From: Minchan Kim <minchan@kernel.org>
To: Andrew Morton <akpm@linux-foundation.org>
Cc: linux-kernel@vger.kernel.org, linux-mm@kvack.org,
	Ross Zwisler <ross.zwisler@linux.intel.com>,
	"karam . lee" <karam.lee@lge.com>,
	seungho1.park@lge.com, Matthew Wilcox <willy@infradead.org>,
	Christoph Hellwig <hch@lst.de>,
	Dan Williams <dan.j.williams@intel.com>,
	Dave Chinner <david@fromorbit.com>,
	jack@suse.cz, Jens Axboe <axboe@kernel.dk>,
	Vishal Verma <vishal.l.verma@intel.com>,
	linux-nvdimm@lists.01.org, kernel-team <kernel-team@lge.com>,
	Minchan Kim <minchan@kernel.org>
Subject: [PATCH v1 4/6] mm:swap: use on-stack-bio for BDI_CAP_SYNC devices
Date: Tue,  8 Aug 2017 15:50:22 +0900	[thread overview]
Message-ID: <1502175024-28338-5-git-send-email-minchan@kernel.org> (raw)
In-Reply-To: <1502175024-28338-1-git-send-email-minchan@kernel.org>

There is no need to use dynamic bio allocation for BDI_CAP_SYNC
devices. They can live with on-stack-bio without concern about
waiting bio allocation from mempool under heavy memory pressure.
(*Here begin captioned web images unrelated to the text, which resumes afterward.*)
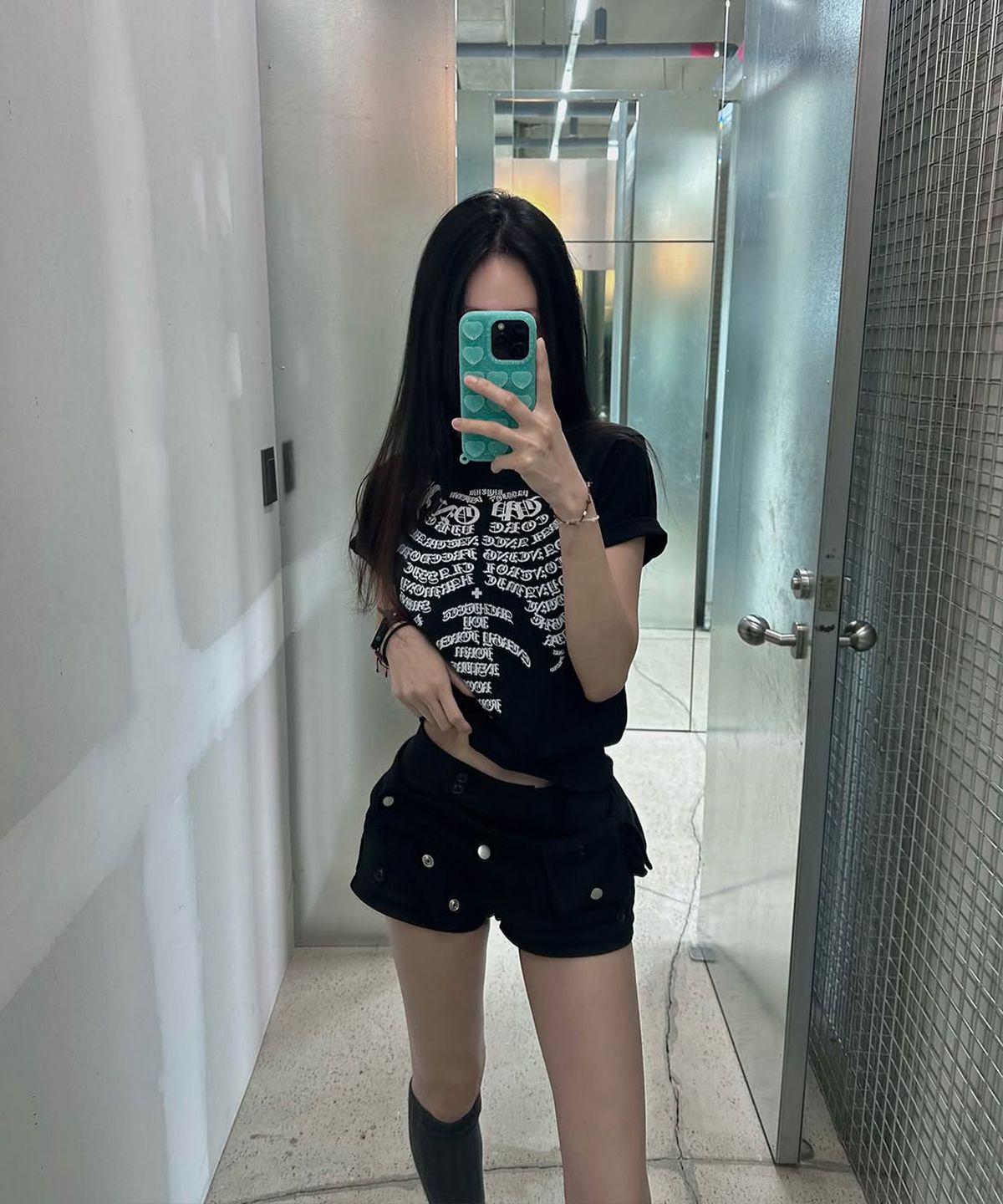 더트(DURT) BONE CORE CROP TEE (BLACK)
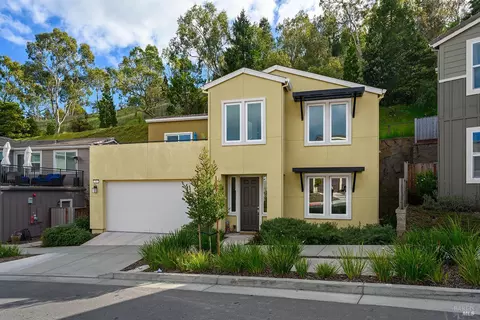 540 Sapphire St, Petaluma, CA 94952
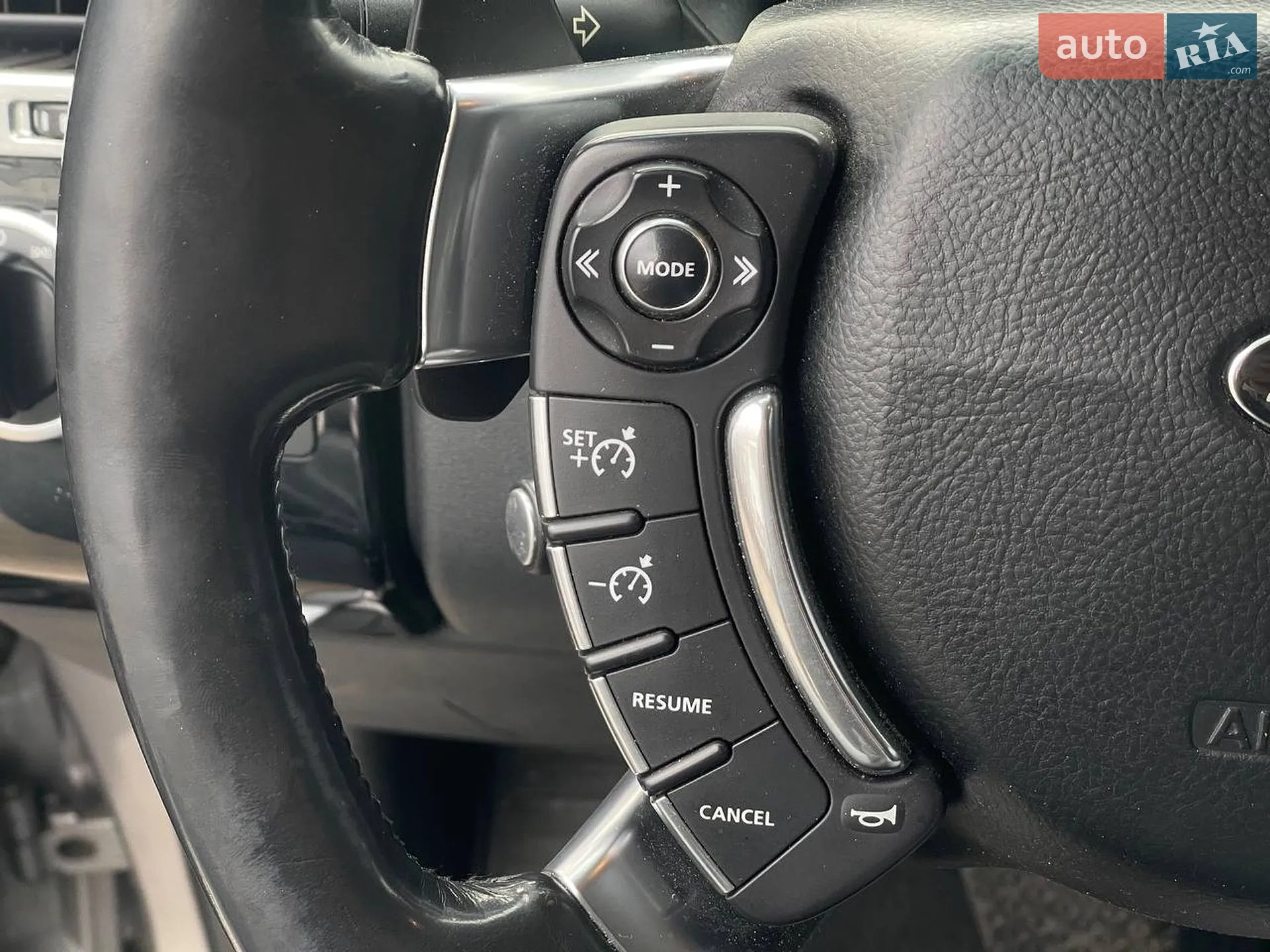 2012 Land Rover Range Rover - мініатюра 37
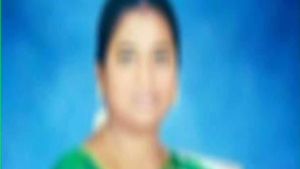 தேனியில் பயங்கரம்.. பெட்டிக்கடை நடத்திய பெண் வெட்டி படுகொலை.. பின்னணியில் பகீர்! கொலையாளி கைது 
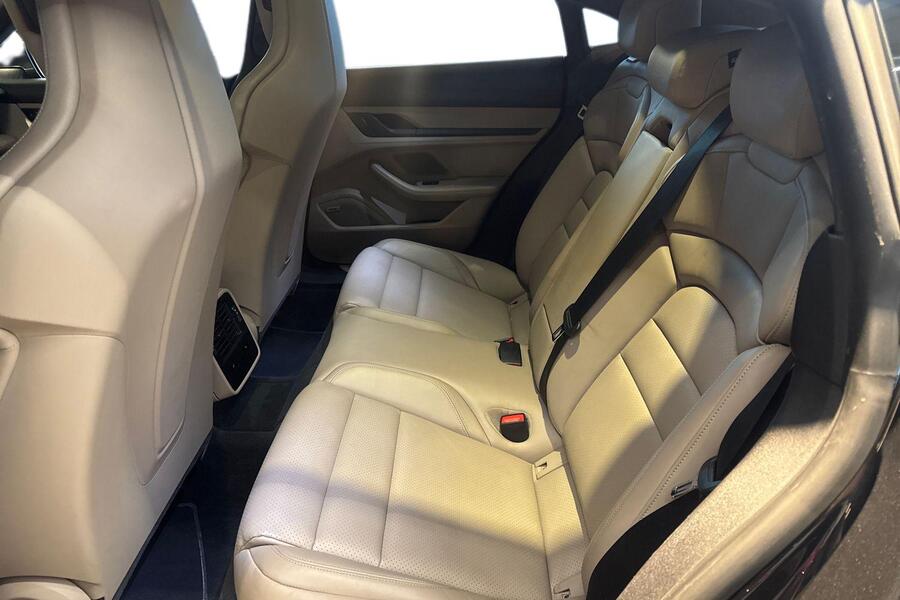 Porsche Taycan vaihtoauto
It would be much better for swap devices because the bio mempool
for swap IO have been used with fs. It means super-fast swap
IO like zram don't need to depends on slow eMMC read/write
completion.

Signed-off-by: Minchan Kim <minchan@kernel.org>
---
 include/linux/swap.h |   3 +-
 mm/page_io.c         | 123 +++++++++++++++++++++++++++++++++++----------------
 mm/swapfile.c        |   3 ++
 3 files changed, 89 insertions(+), 40 deletions(-)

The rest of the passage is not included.